Pour le directeur du centre, l’Adjudant Ouedraogo Wendyam Abdou Gassmane, cette initiative est née de la volonté d’artistes engagés de mettre leur savoir-faire au service de la reconstruction physique et psychologique des combattants blessés. Selon lui, le centre ambitionne d’offrir aux jeunes, aux artistes émergents et aux passionnés d’art un espace d’expression, d’apprentissage et de professionnalisation.
Parmi les activités prévues figurent des ateliers de formation, des camps de vacances en dessin, peinture et modelage, des espaces de lecture et de recherche, une bibliothèque, une mini-galerie d’exposition ainsi que des résidences d’artistes. Le promoteur a particulièrement mis en avant l’initiative « Ateliers des héros », déjà expérimentée avec succès auprès des blessés de guerre. Ce programme a permis à plusieurs soldats de retrouver confiance en eux à travers la pratique artistique.

Représentant le ministre de la Communication, de la Culture, des Arts et du Tourisme, Kaoun Nestor, chargé de mission, a salué une initiative porteuse de sens. Selon lui, l’art est un puissant vecteur de transformation sociale, de cohésion et de résilience. Il a souligné que depuis les premières activités menées par les promoteurs, son département ministériel s’est tenu à leurs côtés en raison de la pertinence du projet. Pour lui, les œuvres exposées traduisent un message fort d’espérance et démontrent que la culture peut contribuer efficacement à la reconstruction des individus et au renforcement du vivre-ensemble. Il a assuré que le ministère restera disponible pour accompagner toute action allant dans cette dynamique.

Même son de cloche du côté du ministère de la Défense patriotique. Représentant le ministre d’État, ministre de la Guerre et de la Défense patriotique, le Magistrat Colonel-Major Norbert Koudougou, Directeur central des affaires juridiques et du contentieux, a exprimé sa reconnaissance à l’ensemble des acteurs ayant contribué à la réalisation du projet. Il a qualifié le centre de véritable « joyau » dont peuvent être fières les Forces armées nationales et toute la population burkinabè. Pour lui, au-delà des combats menés sur le terrain, il est essentiel d’accompagner les soldats blessés afin qu’ils puissent continuer à s’épanouir et à apporter leur contribution à la société. Il a également encouragé les initiateurs à poursuivre leurs efforts afin d’assurer la pérennité de cette œuvre.

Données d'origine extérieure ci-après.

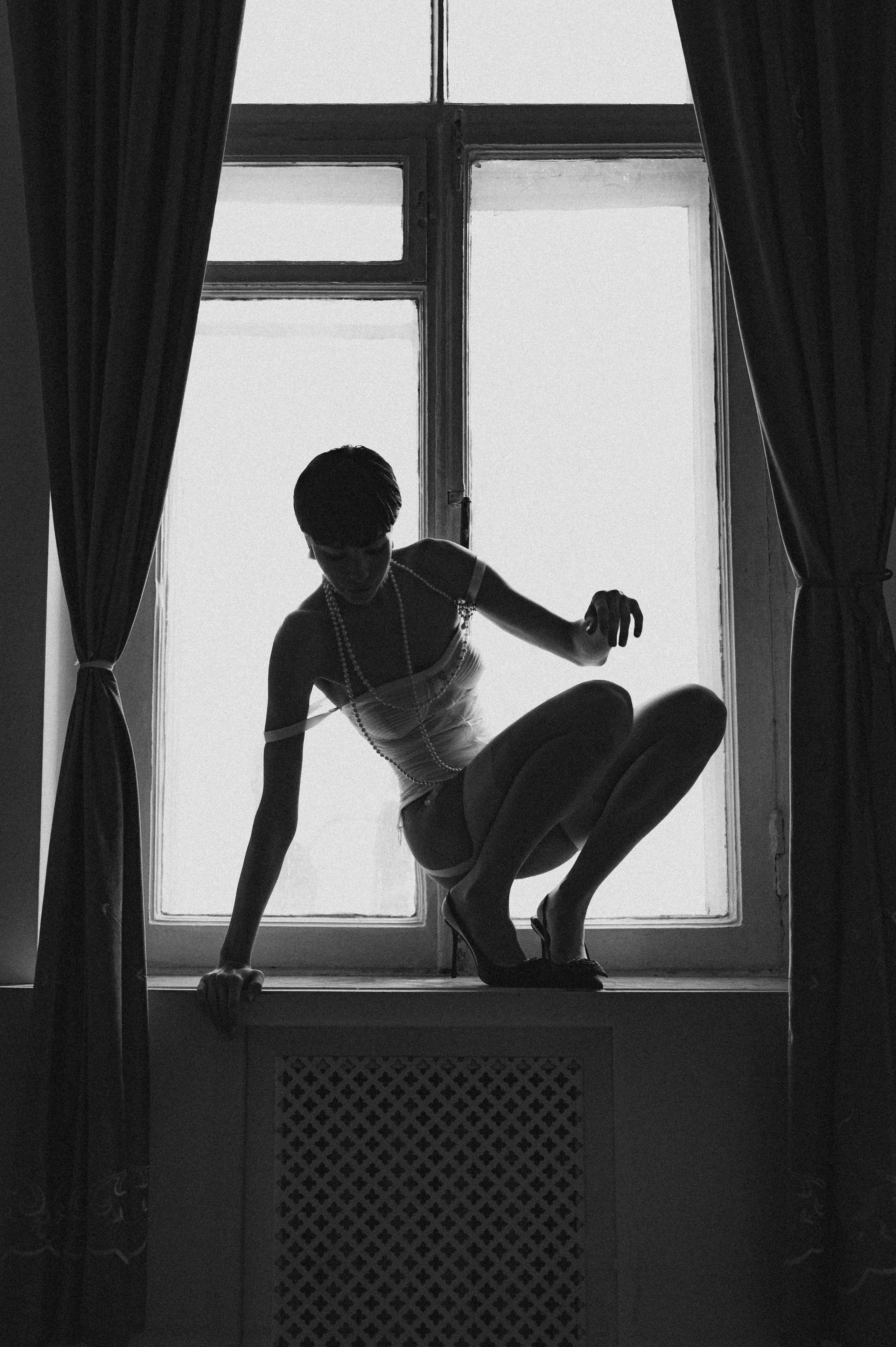 Портфолио. Фотограф Татьяна Кудряшова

Très ému, le Caporal Ives Roland Kouanda, blessé de guerre, a témoigné de l’importance de cette initiative pour les militaires victimes de blessures en opération. Selon lui, le centre permet aux bénéficiaires d’apprendre de nouvelles compétences, de retrouver le moral et de comprendre qu’ils demeurent utiles au sein de l’armée malgré leurs séquelles. Il a remercié le commandement militaire, les encadreurs, les partenaires ainsi que toutes les personnes mobilisées pour soutenir les blessés de guerre. « Nous ne devons pas penser qu’on nous a laissés. Nous sommes toujours utiles au sein de l’armée », a-t-il affirmé.

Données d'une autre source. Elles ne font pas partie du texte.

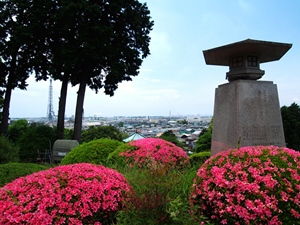 玉泉寺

La cérémonie a également été marquée par une vente aux enchères d’une œuvre réalisée au sein du centre. Le tableau a trouvé acquéreur pour la somme de 300 000 francs CFA, illustrant l’intérêt porté aux créations des artistes. Les invités ont par ailleurs effectué une visite guidée des différents espaces du centre, découvrant les salles de formation, la bibliothèque, la galerie et les ateliers de création.
À travers Yaolēem-Nēeré, ses promoteurs entendent faire de l’art un instrument de guérison, d’inclusion sociale et d’espoir pour un « lendemain meilleur » au profit des blessés de guerre, des artistes et de l’ensemble de la jeunesse burkinabè.